“I am extremely confident with the amount of knowledge I’ve gathered in this short amount of time, and can say that working on school projects here feel like working in the real-world.” – Daniel Ikpeme, BA Game Design Class ’18
Set in the New England region – known for the highest quality of education in the U.S., the New England Institute of Technology (NEIT) is a recognized pioneer of technical career education, which combines the study of theory with practical, hands-on application. Founded in 1940, this private, non-profit university offers more than 50 Associate, Bachelor’s, Master’s and Online degrees. Each program is designed with input from industry-leading companies, so students graduate with the knowledge, analytical skills and technical experience that employers value most.
“At NEIT, we have students from all over the world,” says Jennifer Hurley, renowned Professor of Engineering at the institution. “Those from the Caribbean are younger and want to gain skills to help their island nations. Others tend to be older with engineering experience not recognized by American companies. Once they complete our program, they are seen as someone with a prestigious degree and valuable experience.” This is an institution that understands its students, but at the same time acknowledges the needs of a competitive global market, and works with leading companies to develop the curriculum for its degree programs.
Experience means everything, and graduates must enter the working world readily-equipped with a rich inventory of knowledge and experience. There are many reasons why students are drawn to NEIT, but the fact they can complete a practice-driven accelerated program is a major draw, granting them the chance to earn both the degree and professional skillset demanded by contemporary employers. At NEIT, associate degree programs can be completed in as little as 18 months, and bachelor’s degrees can be completed in as little as three years. This saves students time and get them to work faster, earning an income.
“I would describe NEIT as a university that has employed Professors who are dedicated to teaching and ensuring students are adequately equipped to work upon completion of the degree,” says Keri Brangman, former Surgical Technology (ST) student and graduate from Bermuda. “I chose NEIT because the program offered fit my idea of what I wanted to become, and because the college is affiliated with my country and has a direct flight from Boston.”
“My lab is designed just like a hospital operating room, so they allow us to familiarize ourselves with the materials we’ll encounter in the world,” Keri continues. “The instructors’ experience helped me understand lectures, and prepared me for what to expect when heading out to clinical.”
But by no means are these perks exclusive to the Surgical Technology degree. The overriding purpose of a NEIT education is to give students a strong foundation from which to kickstart their careers.
“I chose NEIT because I learn best from practical training,” says Saskiah Vargas-Walton, former Mechanical Engineering Technology student who graduated in May of this year. “My grandfather was a contractor, so I became an electrical engineer first, but mechanical engineering has always been at the core of my heart.

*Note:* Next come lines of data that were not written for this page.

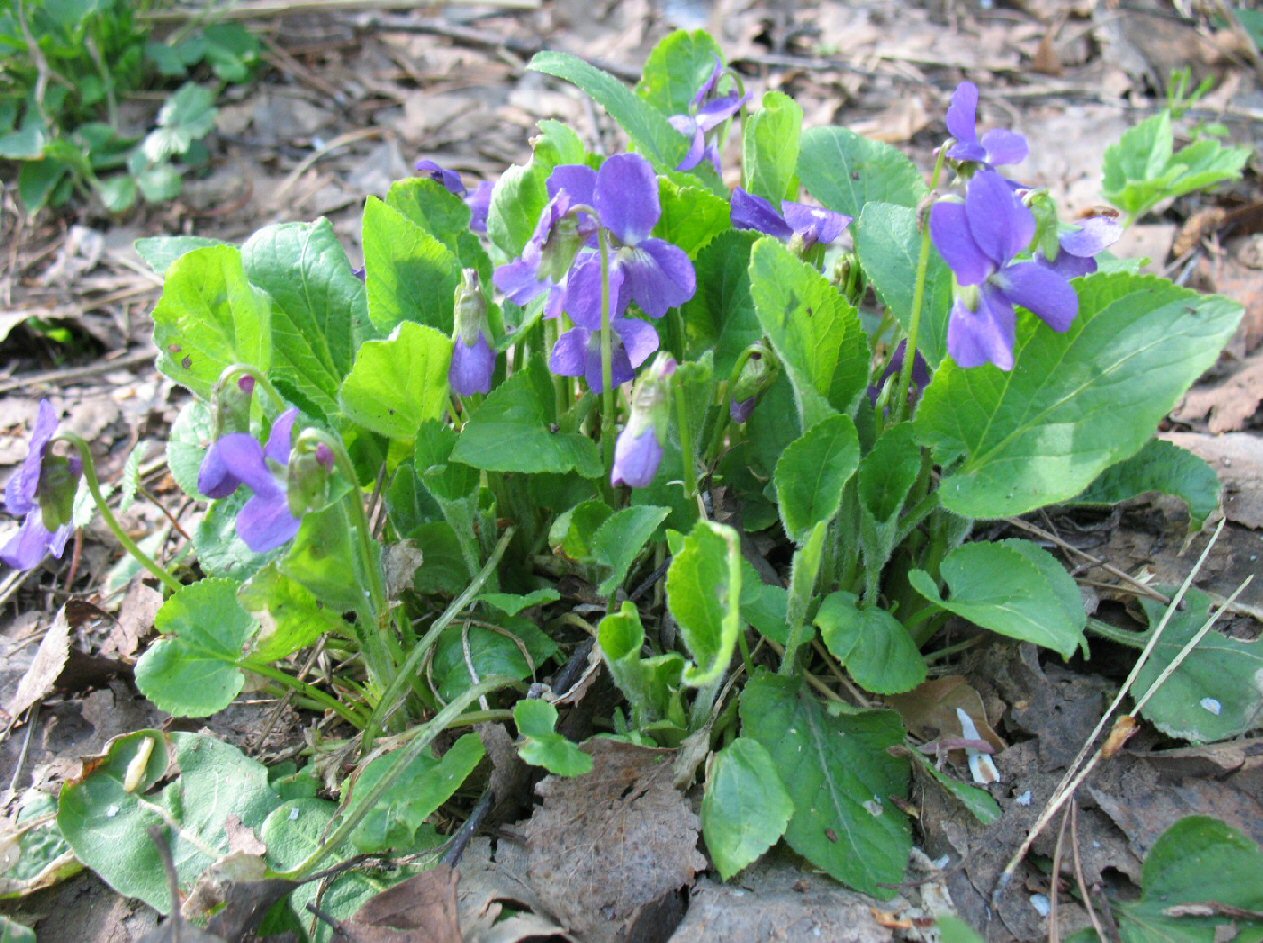 Image of Viola hirta specimen.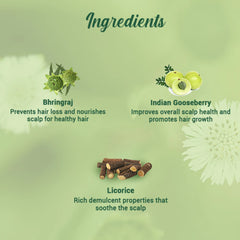 Hair oil ingredients infographic with Bhringraj, Indian gooseberry, and licorice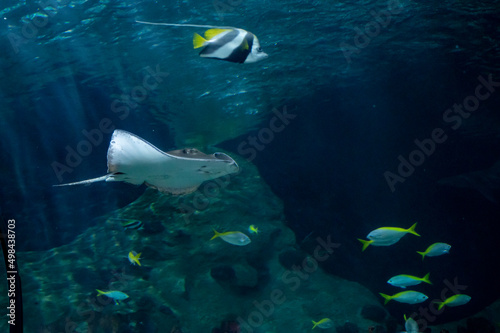 Fototapeta Naklejka Na Ścianę i Meble -  Sea aquarium with salt water and differenet colorful coral reef fish and Batoidea ray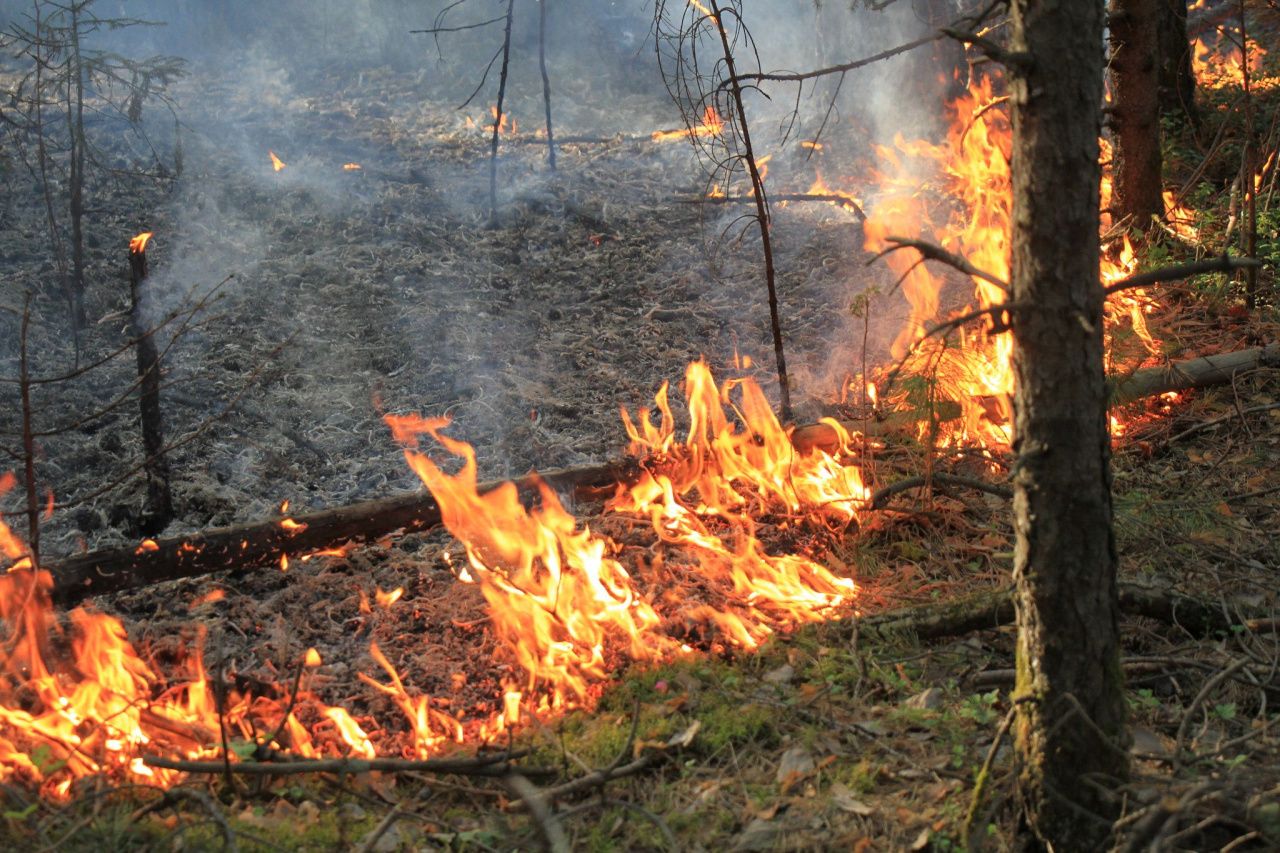На территории Серовского лесничества за 2021 год произошло 13 ландшафтных пожаров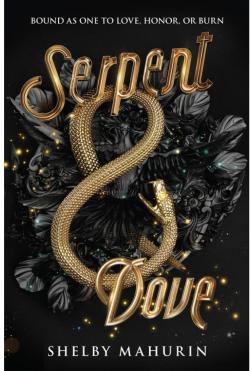 Serpent & Dove, tome 1 par Shelby Mahurin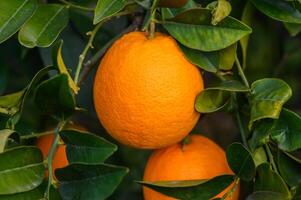 ein Orange Baum im das Orange Obstgarten beim das Finale Ernte von jeder Staffel 3 foto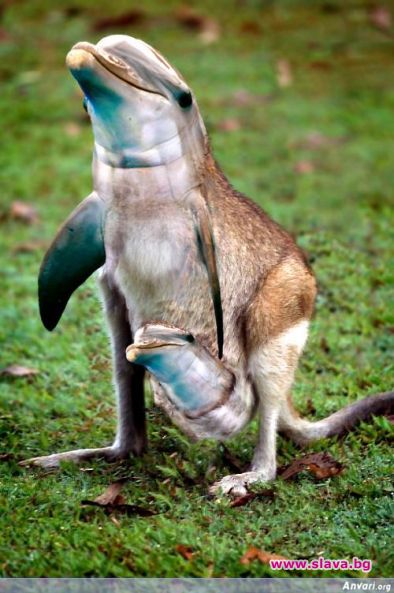 Как животните предричат земетресения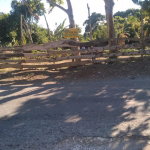 First image of Part of Islington, st Mar in Islington, St. Mary, Jamaica - property is For Sale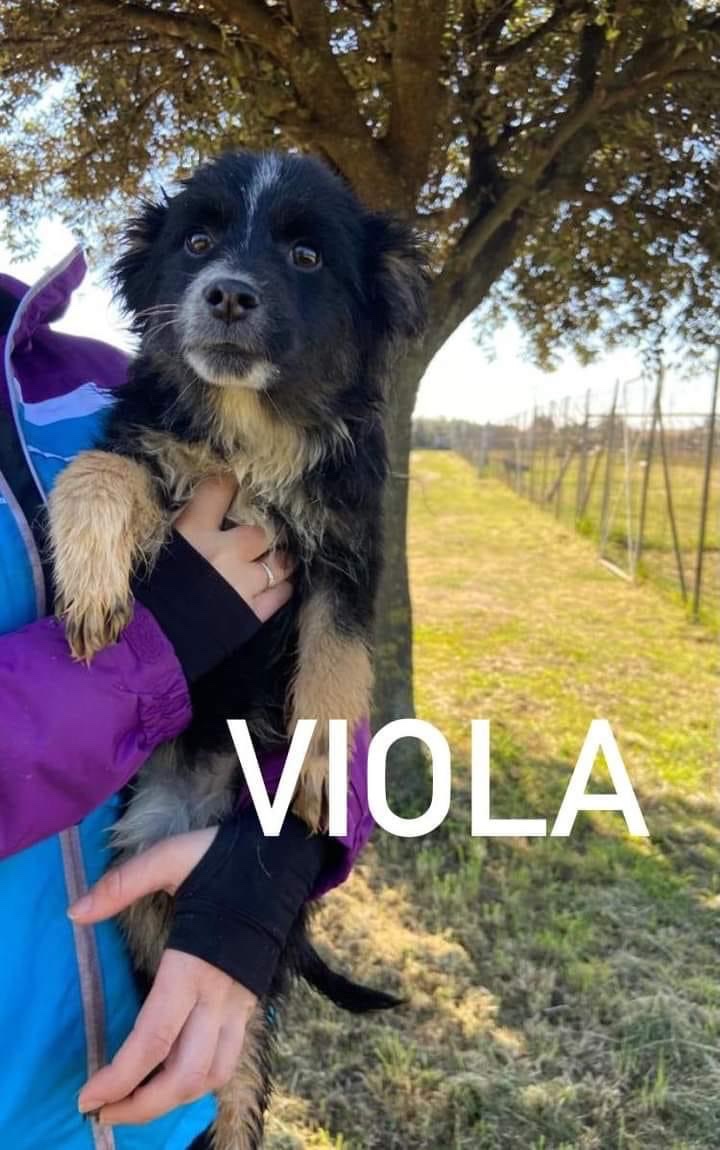 SosArgo's tweet photo. Carol &amp; Viola 6 mesi - cucciole di taglia piccola. Non superano i 40cm di altezza e lunghezza. Ditemi voi se sono grandi? Viola e Carol hanno bisogno solo di amore e non di sentire parlare di cm. Tappatevi la bocca 🤫🤫 #3289633366 o 3277995741 femmine vaccinate.#AdoptDontShop https://t.co/vEOe4VFeaD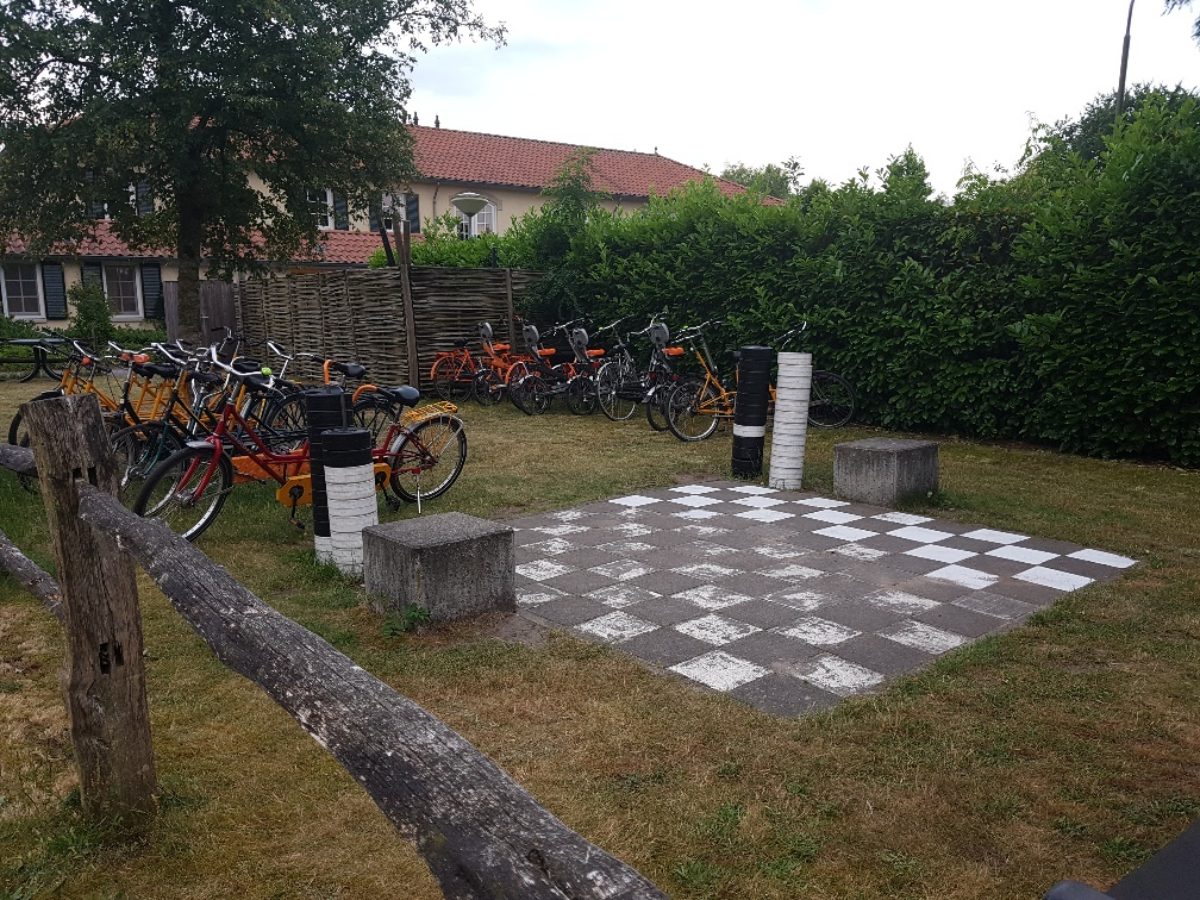 schaken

Unfortunately, this program is not available in my country,” she adds, referencing her Cayman Island roots.
“As an international student, I’m grateful that NEIT helped with my smooth transition to America,” Vargas-Walton explains. “NEIT programs are tailored differently from those at big universities. Their programs are designed for students to obtain an associate in 18-months and a bachelor’s in three-years. That’s one year less than a traditional four-year university.”
Spurred by intimate class sizes and one-to-one attention, there’s no NEIT student left without a clear future vision. Heidi Allen, Associate Professor of Business Management at the university, puts her real-world experience to use within the classroom, applying a comprehensive view of management in a conducive learning setting to inspire class participants. And since the business basics for small corporations are the same worldwide, graduates leave enthused and empowered by the universal relevance of their education.
When asked what advice she would offer prospective students, Allen says: “Come ready to be an active learner, not just sit back and listen to lectures. Communication is the most important skill so be ready to read, write and speak English. Don’t be afraid of making mistakes – and your teachers will help you turn them into positive learning experiences.”